> DATA FOR THE TASK:
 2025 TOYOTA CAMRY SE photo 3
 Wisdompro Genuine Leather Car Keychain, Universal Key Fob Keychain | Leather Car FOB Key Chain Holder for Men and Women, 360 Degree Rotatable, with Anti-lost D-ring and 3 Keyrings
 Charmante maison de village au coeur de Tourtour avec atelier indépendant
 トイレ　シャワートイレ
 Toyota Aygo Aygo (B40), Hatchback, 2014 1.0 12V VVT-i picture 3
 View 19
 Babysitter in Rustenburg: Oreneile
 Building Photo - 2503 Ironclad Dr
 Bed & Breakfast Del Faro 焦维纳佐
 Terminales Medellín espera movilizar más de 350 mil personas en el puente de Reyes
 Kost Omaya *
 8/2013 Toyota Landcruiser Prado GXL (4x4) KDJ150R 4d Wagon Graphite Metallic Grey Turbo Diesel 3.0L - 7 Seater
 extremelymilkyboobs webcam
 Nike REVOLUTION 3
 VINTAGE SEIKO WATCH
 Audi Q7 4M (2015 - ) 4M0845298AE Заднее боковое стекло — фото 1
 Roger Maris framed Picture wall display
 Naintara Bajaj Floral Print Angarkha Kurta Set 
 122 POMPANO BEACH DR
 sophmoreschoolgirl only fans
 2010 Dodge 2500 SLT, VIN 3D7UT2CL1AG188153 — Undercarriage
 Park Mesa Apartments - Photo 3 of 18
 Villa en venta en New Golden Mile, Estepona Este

> ABOUT THIS TASK: Your answer should be an exact copy of the lines from the one with "8/2013 Toyota Landcruiser" through the end of the material, with no other lines.

> RESPONSE TO THE EXERCISE:
 8/2013 Toyota Landcruiser Prado GXL (4x4) KDJ150R 4d Wagon Graphite Metallic Grey Turbo Diesel 3.0L - 7 Seater
 extremelymilkyboobs webcam
 Nike REVOLUTION 3
 VINTAGE SEIKO WATCH
 Audi Q7 4M (2015 - ) 4M0845298AE Заднее боковое стекло — фото 1
 Roger Maris framed Picture wall display
 Naintara Bajaj Floral Print Angarkha Kurta Set 
 122 POMPANO BEACH DR
 sophmoreschoolgirl only fans
 2010 Dodge 2500 SLT, VIN 3D7UT2CL1AG188153 — Undercarriage
 Park Mesa Apartments - Photo 3 of 18
 Villa en venta en New Golden Mile, Estepona Este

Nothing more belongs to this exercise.